Construire, c’est prévoir. Étant donné l’importance du maintien des actifs pour la pérennité des bâtiments, il est primordial d’y songer dès la conception d’un ouvrage.
Envisager le maintien des actifs* dès la conception d’un projet devrait toujours être prioritaire, selon Karine Faucher-Lamontagne, architecte associée chez STGM. Or, lors de la construction, les donneurs d’ouvrage privilégient souvent le coût au détriment de l’analyse du cycle de vie* ou de la durabilité des matériaux. « On n’opte pas pour la durabilité, mais pour arriver au budget qui a été décidé en haut lieu, confirme Anik Lefebvre, associée chez Provencher Roy, qui mène surtout des projets avec le gouvernement. Ce qui est plus facile à couper, ce sont les matériaux utilisés pour la finition, notamment. C’est dommage. »
La facilité d’entretien ou de remplacement doit elle aussi faire l’objet d’une attention particulière au moment de la conception, d’après l’associée de STGM. « Par exemple, un hall d’entrée sur trois étages dans un espace public, c’est magnifique. Mais comment va-t-on entretenir ou changer un luminaire qui a nécessité une grue au moment de son installation ? »
Anik Lefebvre mentionne en outre l’importance de prévoir l’emplacement des accès aux grandes salles de mécanique dès la conception, notamment en ce qui concerne les hôpitaux. « On sait d’avance qu’il y aura là des équipements à remplacer, comme de gros systèmes de ventilation. Souvent, prévoir des portes n’est pas esthétique, alors on va plutôt penser à une section de mur qu’on pourra facilement démonter pour permettre de faire entrer ou sortir un équipement. »
Outils technologiques… et inspection physique
La plateforme BIM (pour building information modeling ou bâti immobilier modélisé) permet bien sûr de prévoir le maintien d’actifs au moment de la conception.
« C’est presque infini les possibilités qu’offre le BIM », indique Karine Faucher-Lamontagne. On peut calculer les quantités de matériaux nécessaires, leur durée de vie, prévoir quand ils devront être remplacés et même y inclure les bons de commande. « Si on y insère bien les informations, le propriétaire du bâtiment n’a même plus besoin des catalogues. »

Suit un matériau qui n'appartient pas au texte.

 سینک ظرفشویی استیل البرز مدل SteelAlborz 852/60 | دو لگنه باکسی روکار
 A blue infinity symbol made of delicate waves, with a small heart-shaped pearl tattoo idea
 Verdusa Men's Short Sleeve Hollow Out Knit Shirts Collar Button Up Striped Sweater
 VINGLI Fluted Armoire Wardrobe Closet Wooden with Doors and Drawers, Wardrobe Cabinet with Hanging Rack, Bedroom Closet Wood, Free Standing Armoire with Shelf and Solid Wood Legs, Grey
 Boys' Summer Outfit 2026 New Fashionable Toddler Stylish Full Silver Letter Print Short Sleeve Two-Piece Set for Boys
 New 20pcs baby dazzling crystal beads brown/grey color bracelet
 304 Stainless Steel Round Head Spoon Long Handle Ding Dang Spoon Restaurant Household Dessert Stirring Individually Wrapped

Encore faut-il que l’utilisation du BIM se répande auprès des gestionnaires d’immeubles responsables du maintien des actifs (voir « Un bilan de santé des bâtiments, de A à E »).

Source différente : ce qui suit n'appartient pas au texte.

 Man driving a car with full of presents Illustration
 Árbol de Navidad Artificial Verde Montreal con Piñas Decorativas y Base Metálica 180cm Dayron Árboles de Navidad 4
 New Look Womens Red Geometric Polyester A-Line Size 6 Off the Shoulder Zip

Après la construction, l’architecte peut continuer de jouer un rôle d’accompagnement. « Ce que le gouvernement recommande, et c’est une bonne pratique dans la profession, c’est qu’une fois tous les cinq ans, un architecte, un technologue en architecture ou un professionnel du bâtiment fasse une inspection de la construction, souligne Karine Faucher-Lamontagne. Est-ce que le bâtiment vieillit bien ou montre-t-il des signes de vieillissement prématuré ? On avise le propriétaire des changements à effectuer, et à quel moment. »
* Voir « Petit lexique du maintien des actifs ».
Selon Me Marie-Pierre Bédard, directrice du service des sinistres à la direction du fonds d’assurance de l’OAQ, tant que la conception se qualifie de service professionnel, les architectes sont protégés en matière de responsabilité professionnelle. « La limite d’assurances est la même pour tous et toutes, peu importe ce qui est prévu dans la conception et les matériaux utilisés. » En revanche, un ou une architecte ne peut pas garantir la performance ou la durée de vie de matériaux, et il ou elle doit s’assurer de rester dans son champ de compétence et ne pas se prononcer, par exemple, sur des services qui relèveraient de l’ingénierie.